The AUC — ROC curve measures the performance for the classification problems at various threshold settings.
ROC is a probability curve and AUC represents the degree or measure of separability. It reveals how much a model is capable of distinguishing between classes.

The training dataset for the supervised learning model consists of 98,7% of class 1 and 1,3% of class 2. For that reason, the ROC evaluation metric is used in this project to identify theaccuracy.

Methodology

Data

Arvato provides in total six files. Two of the files are Excel spreadsheets that contain further information about the columns in the other four CSV files.

CSV Files

• AZDIAS: Contains 891211 rows, where each row represents a single person of the general German population and 366 columns, where each column represents a different features of a person
• CUSTOMERS: Contains 191652 rows, where each row contains data for a customer of Arvato and 369 features of the customers, with an additional three columns which include information about their purchasing habits. The other 366 columns are the same as AZDIAS columns.
• MAILOUT_TRAIN: Contains 42982 rows, where each row represents a customer of Arvato and 367, where 366 are the same features as AZDIAS, plus the additional label column that is RESPONSE (either 0 or 1).
• MAILOUZ_TEST: Contains 42833 rows and 366 rows without the label features as MAILOUT_TRAIN. The Kaggle task is to predict the RESPONSE label und submit it to Kaggle for evaluating the results with the ROC metric.

Excel Files

• DIAS_attributes.xlsx: Contains information about all the features of the dataset
• DIAS_information.xlsx: Contains the information of the meaning behind most of the numerical values in the dataset, plus additionally the features information from the DIAS_attributes sheet.

Missing Features

At first, to get in touch with the data, I tried to compute the missing values within the dataset. The top features which are entirely useless are the ages of the children. Both the AZDIAS and the CUSTOMERS dataset appear to have the same relation between missing features. From all of the 366 and 369 features, only 140 features have less than 10% missing values. Most features have around 15% missing values and the top 16 features have 28% or more missing values.

Features Description

The dataset Azdias includes data about all kinds of different people in the German population. There are 366 columns, so there are quite a lot of features that need to be taken care of.

Customers, as the name suggests, contains only information about the customers of Arvato. This dataset contains three additional features, namely:

• Online Purchase [yes, no]
• Product Group [cosmetic and food, food, cosmetic]
• Customer Group [multi buyer, single buyer]

The other 366 features are split into multiple categories:

• Information level
• Person
• Household
• 125m x 125m Grid

The three CUSTOMERS specific features

These are the most crucial topics, which include the most important features as shown later in the post.
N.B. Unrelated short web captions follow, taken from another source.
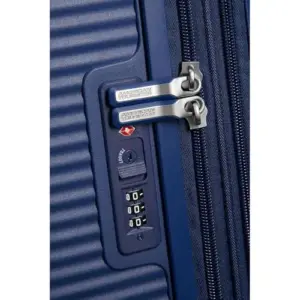 American Tourister Soundbox Expansível Azul Marinho 35.5L Trolley de Cabine
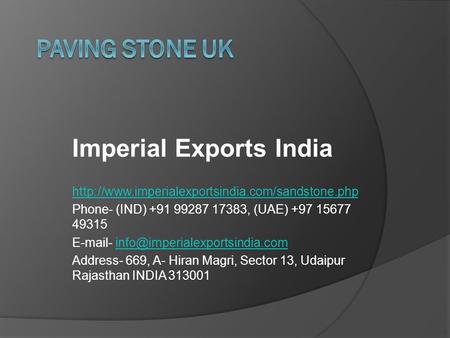 Paving Stone UK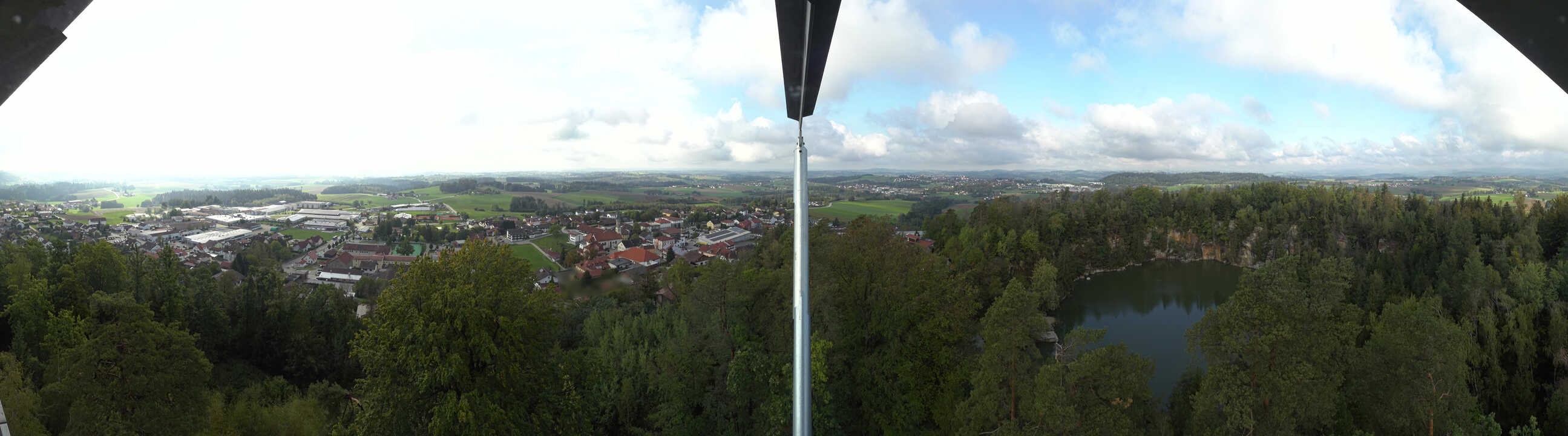 Archiv Foto Webcam Aussichtsturm am Steinbruch Büchlberg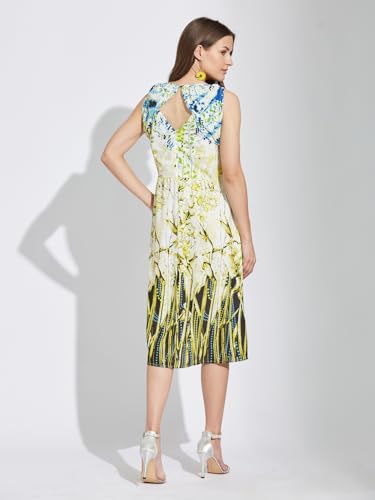 Latin Quarters Women Black Sleeveless Boat Neck Printed Casual Dress_M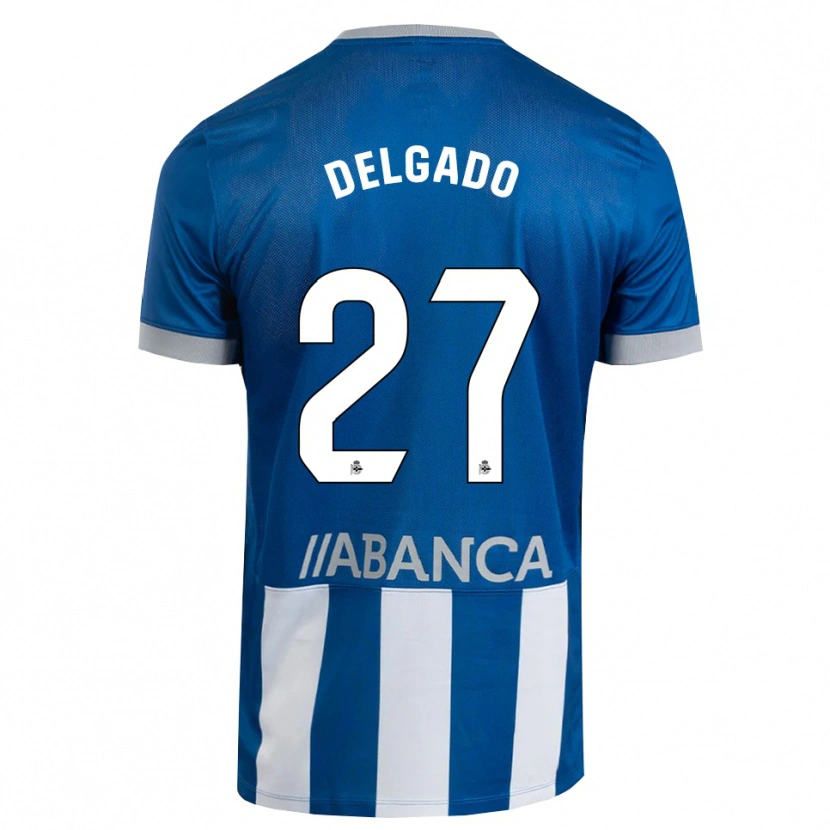 Danxen Criança Camisola Álex Delgado #27 Azul Cinza Branco Principal 2026/27 Camisa Brasil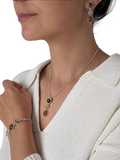 Be-Jewelled geometric cut Baltic amber triple drop earrings - British product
Customer Segmentation Report

Based on the data, I could conclude the following analysis of a person with the mentioned topics of the features.

Person Topic

• The average age of Arvato customers is 70 years old. Whereas the overall average age of the population dataset is around 50 years old people. They are most likely cutural driven elderly.
• The customers are more likely to have their teens in the “60ies — economic miracle (Mainstream, O+W)”, whereas the median of the entire German population had their teens in the “80ies — Generation Golf (Mainstream, W)” of this dataset.
• The average Arvato customers have a saving behavior of saving “very high”, whereas the wide population is only an “average” savor. This could lead to the conclusion Arvato is targeting people who potentially have more money on the bank.
• Additionally, customers have a median value of financial investors to be very high with an overall median of average behavior. So Arvato customers are more likely to invest money.
• Another small deviation is financial minimalism. Arvato customers appear to be less financially minimalistic than the regular population.
  Customers have, according to the dataset, a lower affinity for a sensual mindset.
• Customers furthermore have a slight affinity for being traditionally minded.

Household Topic

• The customers have a median consumption type value of “Versatile” instead of the wider population, which has a consumption type of “Family” This leads to the conclusion that Arvato is not really after families, but wants to send ads to people with a versatile lifestyle.

125m x 125m Grid Topic

• The average customer is a Buyer > 24 months, which means that the transactional activity based on the product group ALL OTHER CATEGORIES is way higher than the average population, which is averagely a Singlebuyer 0–12 months.
• Furthermore, the customers of Arvato have a median value of buying books in the last 13–24 months, whereas the overall population didn’t buy so many books. This could be an indicator of a more academic target.
• A very interesting point is that the target for customers is people with transactional activity based on the product group COMPLETE MAIL-ORDER OFFERS is Multi-/Doublebuyer 13–24 months, whereas the entire population’s behavior, is unknown or very low. The target is people who bought things for a period of at least two years.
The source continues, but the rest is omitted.